The main architectural difference between Selenium WebDriver and Cypress is that Selenium runs test scripts remotely to the browser, while Cypress runs within the browser. For a more detailed explanation of the key differences, check out this summary. After an evaluation period of two months, we concluded Cypress was the framework that best addresses our E2E UI testing needs thus far because it makes testing easier, faster, and cheaper.

Let’s see how Cypress does with our scalability criteria:

Easy to write: Yes — Like Selenium, Cypress requires technical expertise in order to write tests. However, installation is ridiculously easy so we can be up and running in a matter of minutes. Tests are intuitive to create, and Cypress provides great online documentation. The open-source community is also very active. When our developers have reached out for support, someone usually responds with an answer in a matter of hours.
Quick to run: Yes — We built similar container parallelization as with our Selenium tests, but our Cypress tests run even faster. In fact, many of our Cypress tests run more than 2x faster than their Selenium counterparts.
Easy to maintain: Yes — We created the same Allure and Slack reporting as with our Selenium tests. However, one major benefit Cypress provides is a built-in debugging tool.
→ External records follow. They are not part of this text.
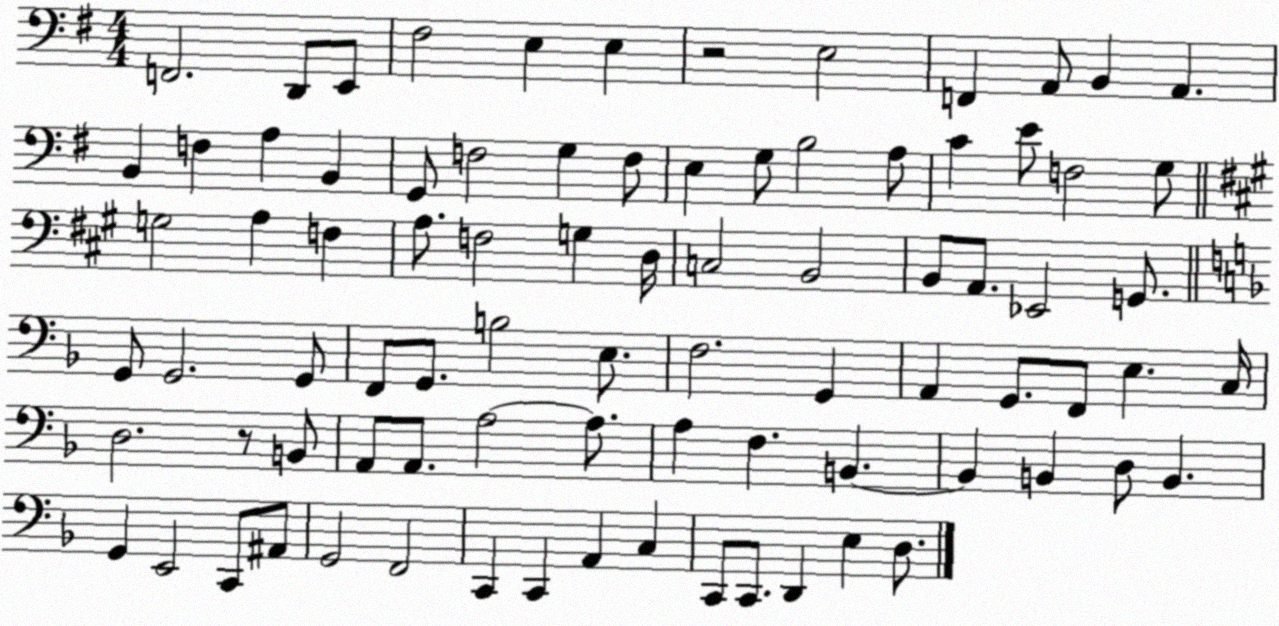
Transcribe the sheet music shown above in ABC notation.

X:1
T:Untitled
M:4/4
L:1/4
K:G
F,,2 D,,/2 E,,/2 ^F,2 E, E, z2 E,2 F,, A,,/2 B,, A,, B,, F, A, B,, G,,/2 F,2 G, F,/2 E, G,/2 B,2 A,/2 C E/2 F,2 G,/2 G,2 A, F, A,/2 F,2 G, D,/4 C,2 B,,2 B,,/2 A,,/2 _E,,2 G,,/2 G,,/2 G,,2 G,,/2 F,,/2 G,,/2 B,2 E,/2 F,2 G,, A,, G,,/2 F,,/2 E, C,/4 D,2 z/2 B,,/2 A,,/2 A,,/2 A,2 A,/2 A, F, B,, B,, B,, D,/2 B,, G,, E,,2 C,,/2 ^A,,/2 G,,2 F,,2 C,, C,, A,, C, C,,/2 C,,/2 D,, E, D,/2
Finally!
Repeatable, reliable: Somewhat — Cypress claims to be more reliable than Selenium because it gives native access to every object within the browser and can understand everything that’s going on from the inside. However, we’re going through some growing pains with making our tests reliable, including troubleshooting false positives. That being said, this isn’t any different than the pains we had when ramping up with Selenium. Because Cypress has native access, we’ve been able to narrow down issues more discretely than before. In fact, we’ve been able to find and fix previously undiscovered bugs because of Cypress! Over the course of a year we improved our Selenium test case reliability from 92% to 99%. We anticipate we’ll get to 99% reliability with Cypress even faster.
Cost efficient: Yes — Writing new Cypress tests is on par with the amount of time it takes us to write VS tests. We’ve set up our Cypress tests to run like our Selenium tests, but our Cypress tests finish faster. This means our Cypress tests are even cheaper than Selenium because we pay for less CPU usage.

*Test tool cost comparison: I’ve hidden the actual dollar costs and used 1 bluecoin (not our cryptocurrency) to represent our Selenium cost as a baseline.*

Learnings

There are a lot of testing best practices Bluecore is getting better at as we grow. Test results triage, fixing or disabling noisy tests, and writing shorter tests are examples of processes we try to improve regularly. Without this attention, we know that our team could lose confidence in our test results and our testing framework. On top of this, we came away with some other key takeaways:

While VS gave us a quick way to pay our test debt, it was a high interest loan. It’s hard to convince people to prioritize migrating passing tests to another framework versus new feature work.
By regularly exchanging ideas within the NYC tech community, we get a wider range of perspectives and see how other teams are doing things. There’s a lot of room for mutual gain.
Keeping a pulse on what’s current provides tangible benefits. Between the massive amount of information available via online content, podcasts, professional networks, etc, we regularly re-evaluate how we’re doing things to see if there’s a better way.